# Freud ft 1700



## krams (Feb 26, 2006)

Hi,

I just bought the Freud fixed base 2.25 HP FT 1700. I am wondering if this has the same sub base as the plunge 3.25 ft2000. Should I just exchange this for a PC model instead? 

Thanks
Krams


----------



## Gilbear (Dec 13, 2005)

Not sure I understand the question - you mean you don't like the router itself and want to exchange it or you just want a PC compatable base?


----------



## krams (Feb 26, 2006)

Gilbear,

Thanks for responding. I was not clear. I am trying to lookup accessories, templates, fixtures etc for the router and the FT1700 does not show up any where. PC seems to have the best. I was not sure if I could use template bushings etc that are meant for the PC models.

There are even some accessories for hte FT2000 from Frued and I wonder if the 200 and the 1700 share some common design elements os that I can use the 2000's accessories with the 1700.

thanks
Krams


----------



## reible (Sep 10, 2004)

Hi,

This being a new router I have seen very little about it. I do know it has some interesting features but even those are not detailed. I had tried to find one in a local store to look at but when I checked they had none (this was maybe a month ago). I have not gone back to look again but Lowes has then listed and that is where I checked. I would think if you can find the FT2000 and the 1700 you should be able to tell if the accessories would work. Also the booklet that comes with the router often lists optional parts like guide bushings and edge guides and who knows what else.

I did read that they are not planning a "plunge" base, don't know if that is an issue for you or not. You might also check amazon.com for reviews and they might list some "attachments".

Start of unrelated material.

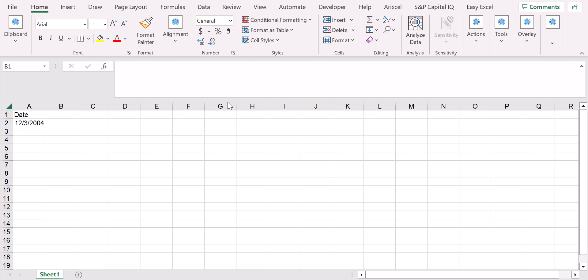Hello and welcome back to the channel. So today we're going to see how to get the day, the month, and the year of a specific date in Excel.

I know when I got my new model hitachi about a year ago I could find almost no infomation on it either. Turned out that a lot of my porter cable things worked with it which was a big bonus as I already owned them for the couple of porter cables I owned. It even had the same base plate mounting hole spacing so any place my 690's mounted so did the hitachi. Of course I had to buy the router and check it out on my own to find these things out....... turns out I love them (I have 3 of them now).

If you do a search I think someone here was about to get one about a month ago, may be you can contact them and find out how they like it??? If I recall they wanted it for table mounting and liked the single wrench above the table bit changes and above the table height adjustments.

Ed


----------



## krams (Feb 26, 2006)

Reible,

Thanks for the idea. I bought mine at Lowes. I have seen the ft2000 at the local Menards. I will compare the sub-base with the PC subbase this week.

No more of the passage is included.